ABOUT THIS EXERCISE -> The line containing "SEAT Leon Sportstourer" and each line after it, through the final line of the data, are to be retyped exactly, with pictures left out.

SOURCE MATERIAL ->
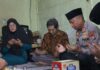 Kapolres Mojokerto saat melakukan takziah di rumah korban mutilasi di Lamongan.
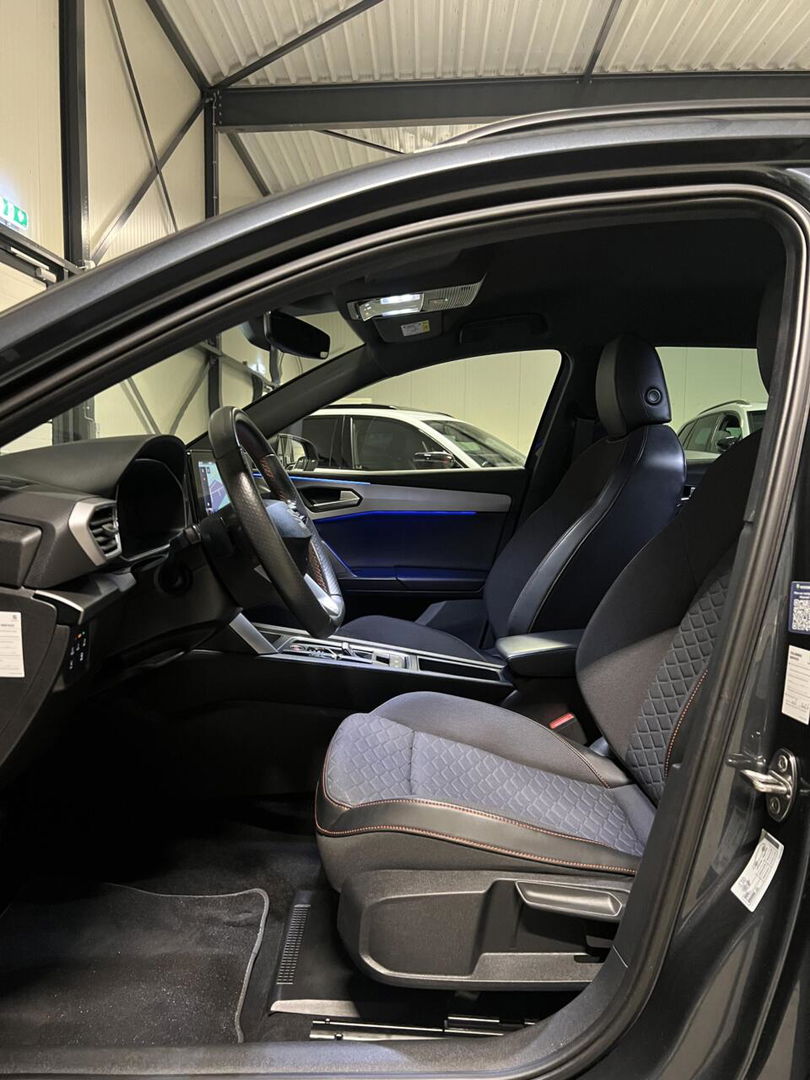 SEAT Leon Sportstourer 1.5 eTSI FR Business Intense Carplay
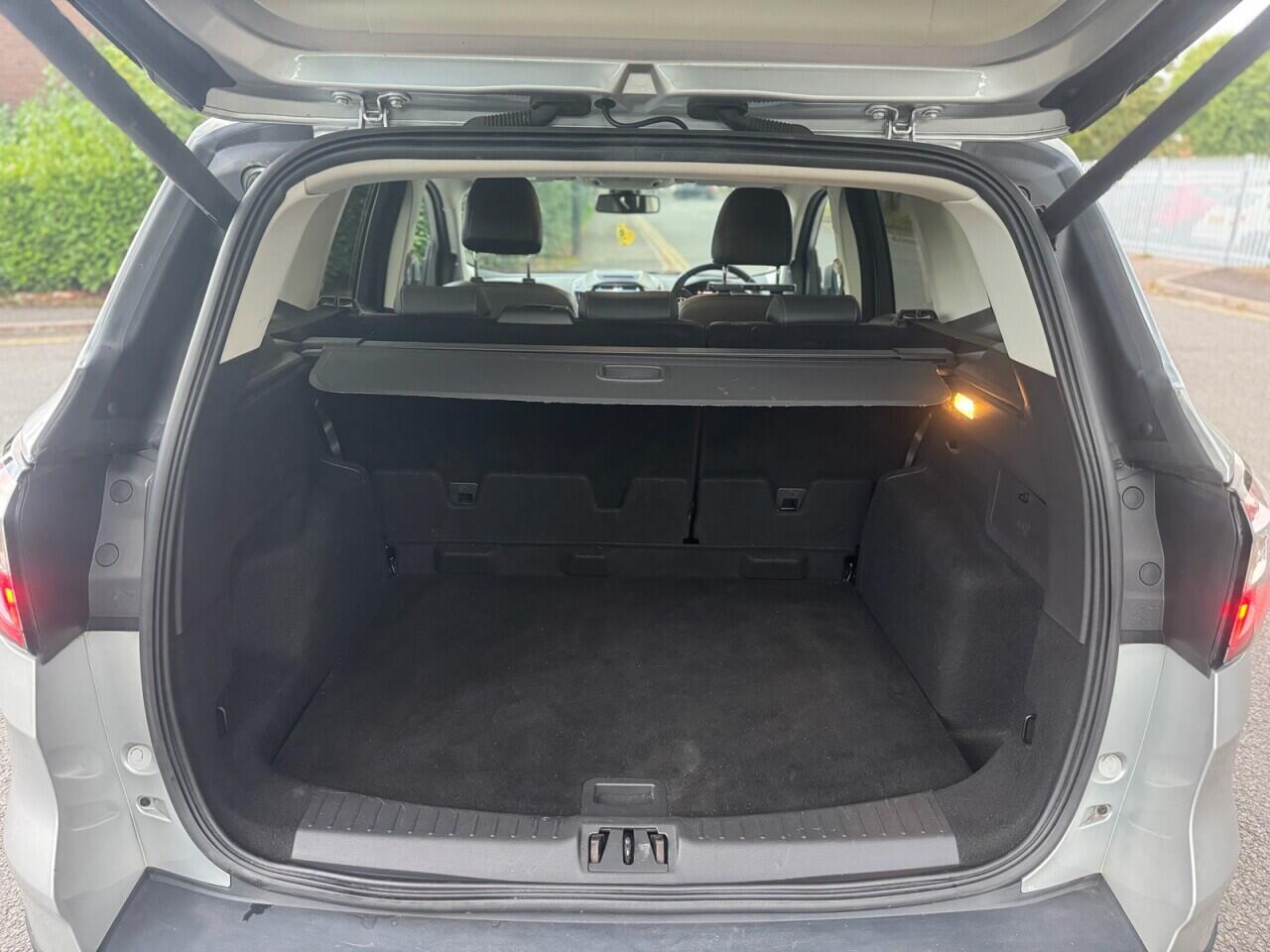 Ford Kuga view 26
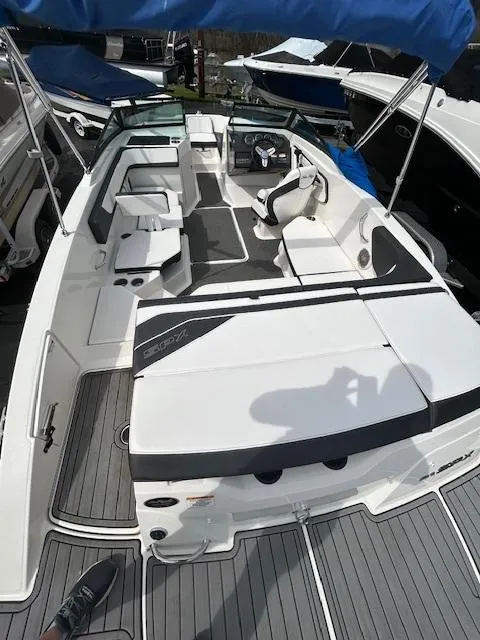 Slide: The Image of 2015 Sea Ray 21 SPX boat with spacious seating and modern design. - 7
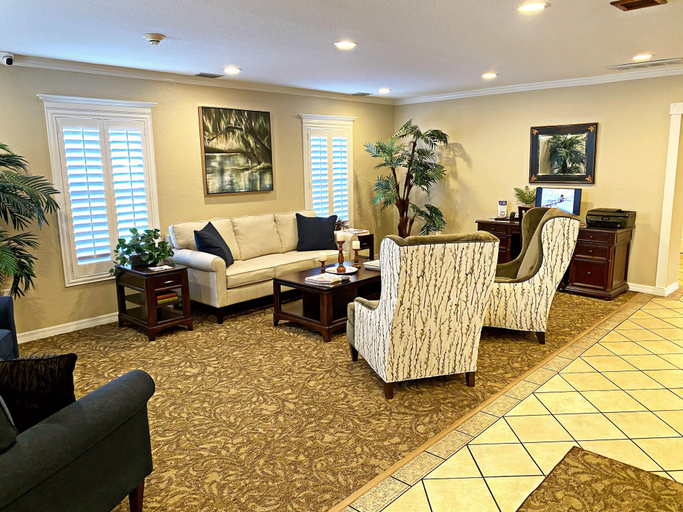 Others 5, Hotel Zephyrhills, Pasco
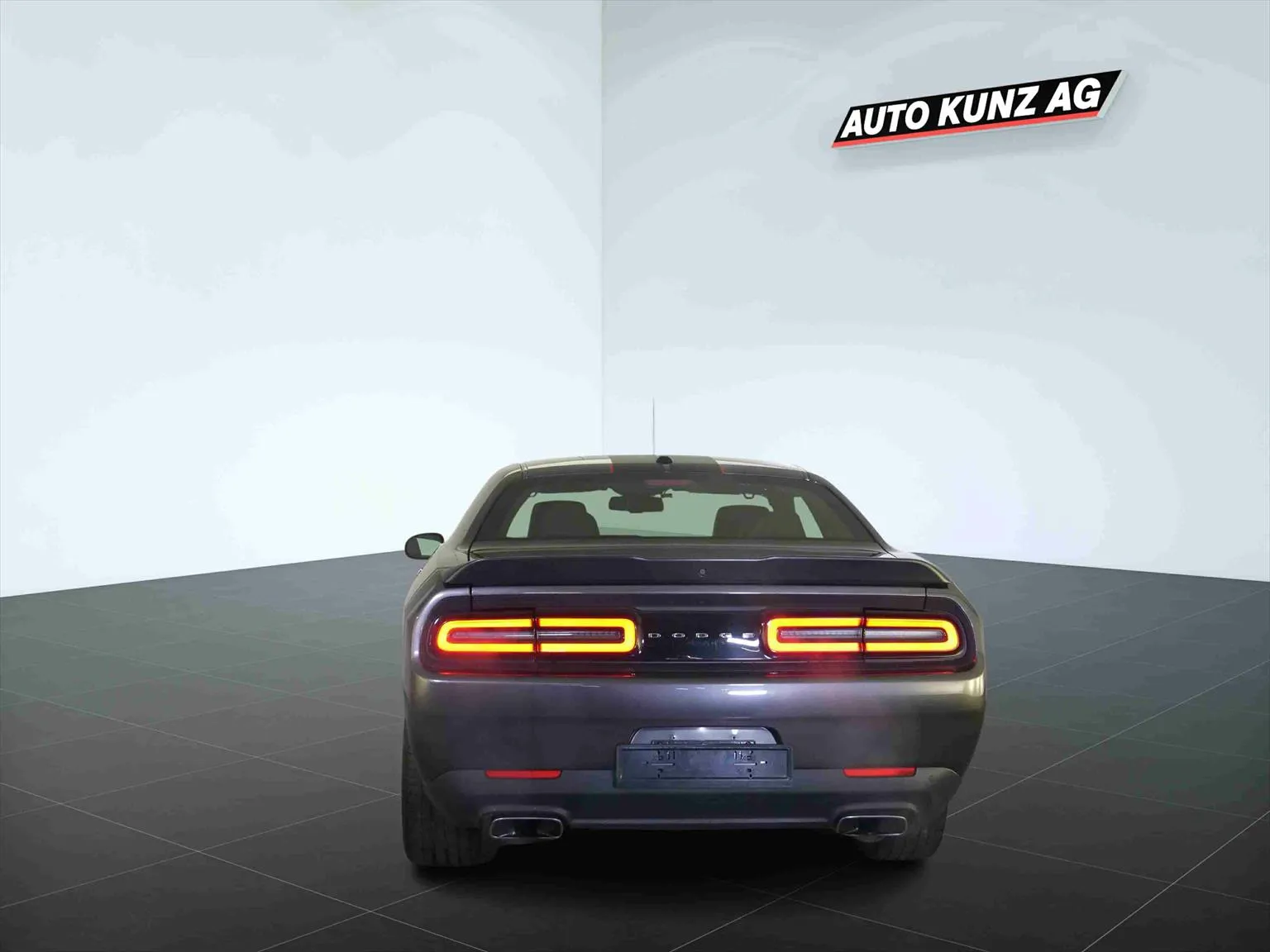 Dodge Challenger 6.4 V8 HEMI R/T Scat Pack  Image 4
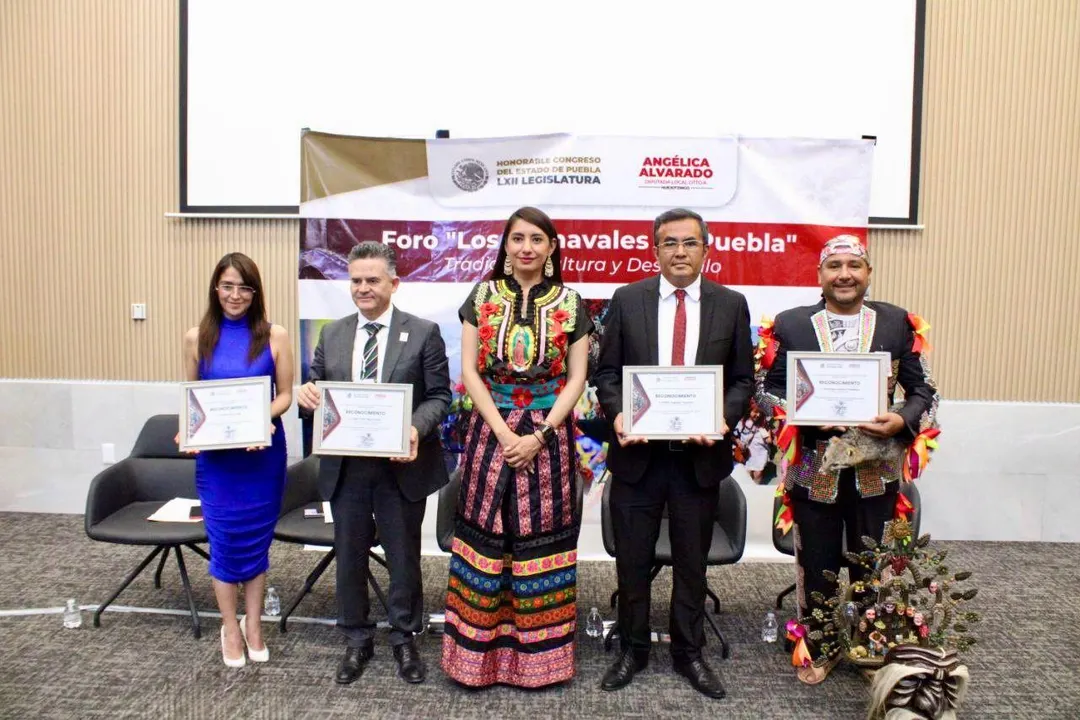 Angélica Alvarado lleva a cabo el foro “Carnavales de Puebla: Tradición, Cultura y Desarrollo”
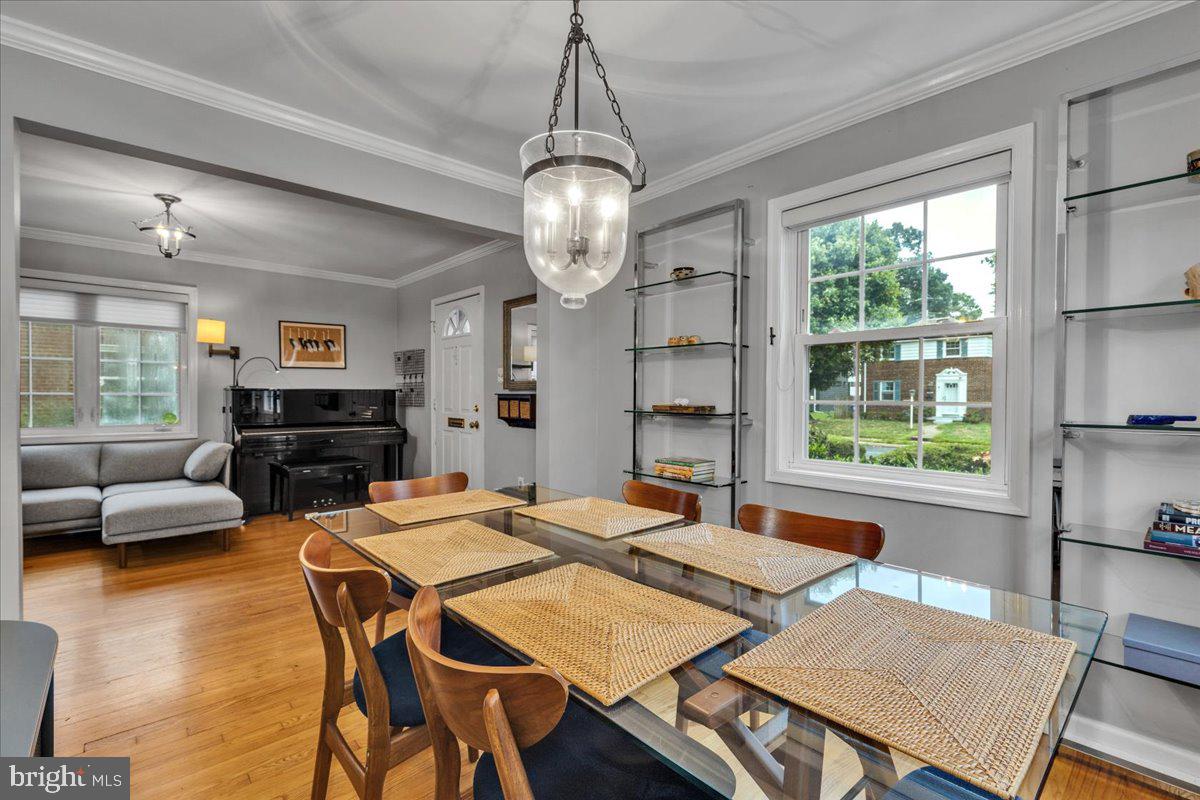 ARLINGTON HEIGHTS - Residential Lease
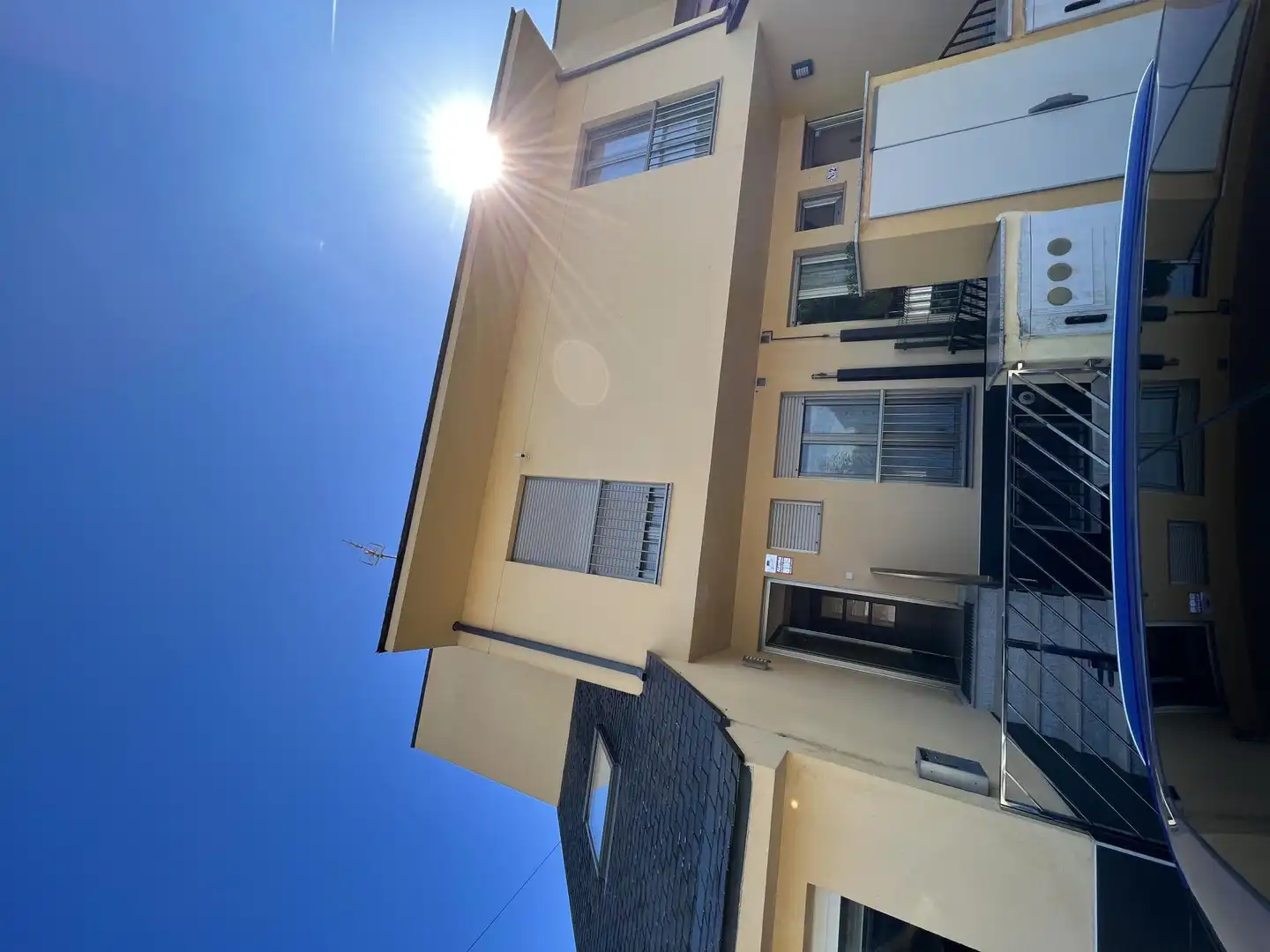 Casa o xalet en venda a Calle las Curvas, 21, Cuatro Vientos Vista exterior de Casa o xalet en venda en Ponferrada amb Aire condicionat, Terrassa i Balcó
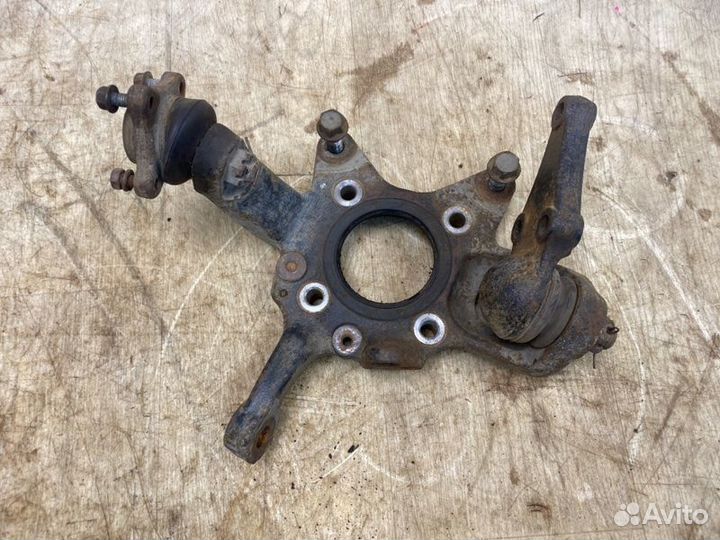 Кулак поворотный передний правый Mitsubishi Pajero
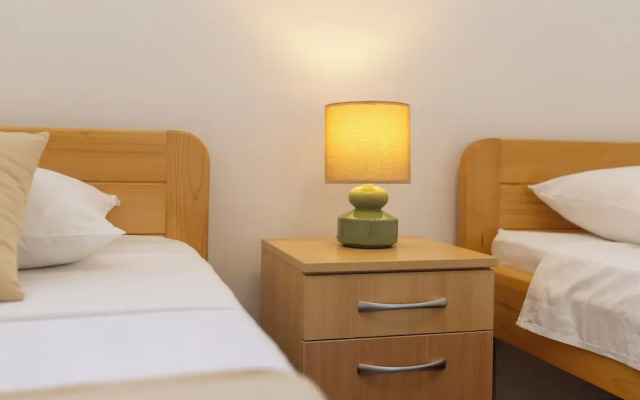 Apartment Toma, Modern Suite In Quiet District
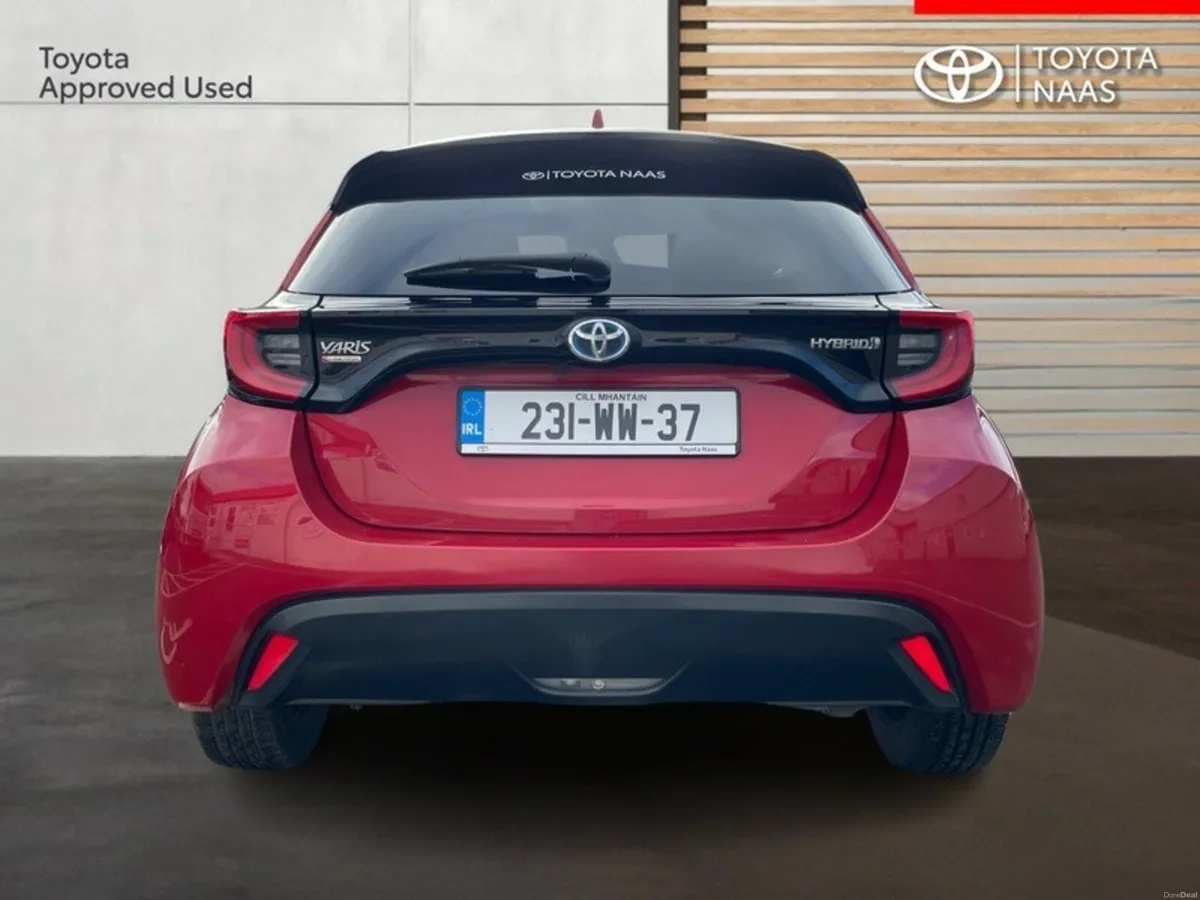 Toyota Yaris HYBRID LUNA SPORT - Image 4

EXPECTED ANSWER ->
 SEAT Leon Sportstourer 1.5 eTSI FR Business Intense Carplay
 Ford Kuga view 26
 Slide: The Image of 2015 Sea Ray 21 SPX boat with spacious seating and modern design. - 7
 Others 5, Hotel Zephyrhills, Pasco
 Dodge Challenger 6.4 V8 HEMI R/T Scat Pack  Image 4
 Angélica Alvarado lleva a cabo el foro “Carnavales de Puebla: Tradición, Cultura y Desarrollo”
 ARLINGTON HEIGHTS - Residential Lease
 Casa o xalet en venda a Calle las Curvas, 21, Cuatro Vientos Vista exterior de Casa o xalet en venda en Ponferrada amb Aire condicionat, Terrassa i Balcó
 Кулак поворотный передний правый Mitsubishi Pajero
 Apartment Toma, Modern Suite In Quiet District
 Toyota Yaris HYBRID LUNA SPORT - Image 4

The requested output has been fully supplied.